Shamil continues wearily. “We’d help their injured providing them all due medical assistance. What would they do to our injured? They’d kick and punch them right in their injuries. There are many video proofs to that”.

It’s been only an hour that we are speaking but I see that Shamil is very tired. He smiles apologetically. “I am sorry, I am still not back fully you know. I get tired very often and I feel a bit weak. But it’s alright, I will be back. It’s just hard, you know”. 

I know he doesn’t tell me all about the horrors that he witnessed: he is a gentleman and wants to spare a lady the gruesome details of the war he saw and what exactly he felt and is feeling now. I can read it in his eyes, even though Zoom that we’re using. 

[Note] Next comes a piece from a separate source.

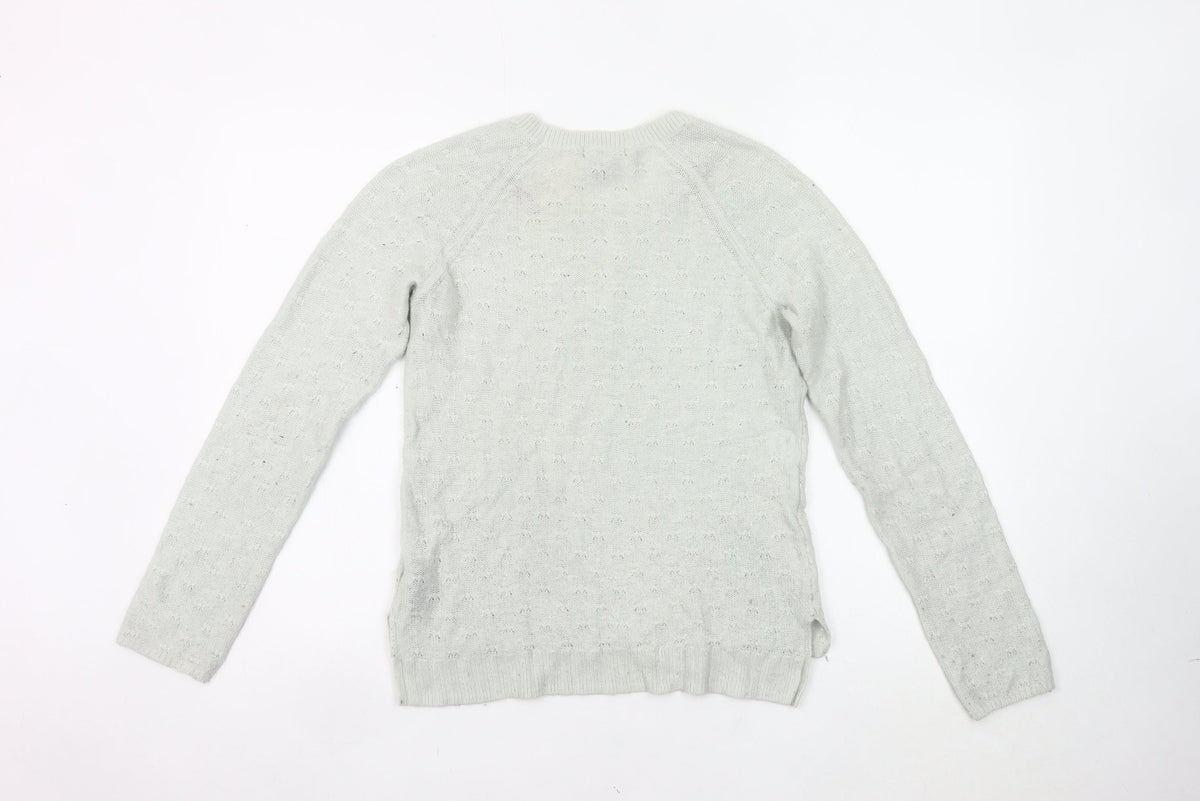 H&M Women’s Grey Angora Wool Blend Crew Neck Pullover Jumper S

Shamil is a hero of Ganja city, of Khojaly, of Karabakh, of AzerbaijanI thank him for Karabakh. I thank him and all those who fought alongside him for justice. I bow my head before the memory of the fallen heroes of Karabakh. And even though Shamil says “ağlama”, I still can’t help myself crying, for all of it. For Shamil and his fellow comrades. For my Ganja that got scarred and for my family that I could have lost at least 4 times. For other cities that fell victims to the brazen-faced Armenian aggression. And finally, I cry for this Victory, that truly turned our lives to “before” and “after. As that famous Russian war song goes, “this Victory day smells with gunpowder, this feast is with the grey hair on the temples, this joy is with tears in the eyes”. 

Karabakh, you are back! Karabakh is Azerbaijan!